Let us fix \(c \in [0,1)\) such that \(x^0_1(c)< \gamma _*(c) < x^0_2(c)\), or equivalently part (iii) of Proposition 5.2 holds. Writing

$$\begin{aligned} \mathcal {F}(x):= & {} \frac{U(x,c)-P_0}{\phi _{\lambda }\left( x\right) }, \end{aligned}$$
(5.13)
$$\begin{aligned} F(x):= & {} \psi _\lambda (x)/\phi _\lambda (x),\end{aligned}$$
(5.14)
$$\begin{aligned} H(y):= & {} \mathcal {F}\circ F^{-1}(y) \text { for } y > 0, \end{aligned}$$
(5.15)

we will appeal to the discussion given at the start of Section 6 of [5]. Since \(\mathcal {L}(x,c)+\lambda P_0>0\) if and only if \(x\in (-\infty ,x^0_1(c))\cup (\gamma _*(c),x^0_2(c))\) (from Proposition 5.1), it follows from equation (*) in Section 6 of [5] that the function \(y \mapsto H(y)\) is strictly convex on \((0,F(x^0_1(c)))\) and on \((F(\gamma _*(c)),F(x^0_2(c)))\) and concave everywhere else on its domain. Define \(y_m^1\) and \(y_m^2\) by

$$\begin{aligned} \begin{aligned} y_m^1&:= \arg \min \{H(y): y\in (0,F(x^0_1(c)))\} \\ y_m^2&:= \arg \min \{H(y): y\in (F(\gamma _*(c)),F(x^0_2(c)))\}. \end{aligned} \end{aligned}$$
(5.16)

By Eq. (5.1) above, and the fact that F is monotone increasing, we have that \(\lim _{y \rightarrow +\infty }H(y) = \lim _{x\rightarrow +\infty }\mathcal F(x) = +\infty \) (recall that \(\phi _\lambda \) is positive and decreasing). Also

$$\begin{aligned} \begin{aligned} m_1&:= \inf _{x \le x^0_1(c)} \mathcal F(x)= \mathcal F(F^{-1}(y_m^1)) \\ m_2&:= \inf _{x \ge \gamma _*(c)} \mathcal F(x)= \mathcal F(F^{-1}(y_m^2)), \end{aligned} \end{aligned}$$
(5.17)

where the second equality follows from the definition of \(y_m^2\) and the aforementioned geometric properties of \(y \mapsto H(y)\). It is therefore clear from Lemma 5.3 that when \(m_1<m_2\) then part (iii)(a) of Proposition 5.2 holds, while when \(m_1\ge m_2\) part (iii)(b) of Proposition 5.2 holds.

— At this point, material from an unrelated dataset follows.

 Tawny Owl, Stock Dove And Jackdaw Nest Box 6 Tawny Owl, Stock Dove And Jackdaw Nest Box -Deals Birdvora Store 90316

5.1 The optimal boundaries

We will characterise the four cases (i), (ii), (iii)(a), (iii)(b) of Proposition 5.2 through direct probabilistic analysis of the value function and subsequently derive equations for the optimal boundaries obtained in the previous section. We first address cases i and ii of Proposition 5.2.

Theorem 5.5

Let \(c\in [0,1)\) and \(\mathscr {B}\) be a subset of \(\mathbb {R}\). Consider the following problem: Find \(x \in \mathscr {B}\) such that

$$\begin{aligned} \big (U(x,c)-P_0\big )\frac{\phi '_\lambda (x)}{\phi _\lambda (x)}=U_x(x,c). \end{aligned}$$
(5.18)
  1. (i)

    If \(\gamma _*(c) \ge x^0_2(c)\), let \(\ell _*(c)\) be given as in Proposition 5.2-i), then \(V(x,c)=V^{\ell _*}(x,c)\) (cf. (4.36)), \(x\in \mathbb {R}\) and \(\ell _*(c)\) is the unique solution to (5.18) in \(\mathscr {B} = (-\infty ,x^0_1(c))\).

  2. (ii)

    If \(\gamma _*(c) \le x^0_1(c)\), let \(\ell _*(c)\) be given as in Proposition 5.2-ii), then \(V(x,c)=V^{\ell _*}(x,c)\), \(x\in \mathbb {R}\) (cf. (4.36)) and \(\ell _*(c)\) is the unique solution to (5.18) in \(\mathscr {B} =(-\infty ,x^0_2(c))\).

Proof

We only provide details for the proof of i) as the second part is completely analogous.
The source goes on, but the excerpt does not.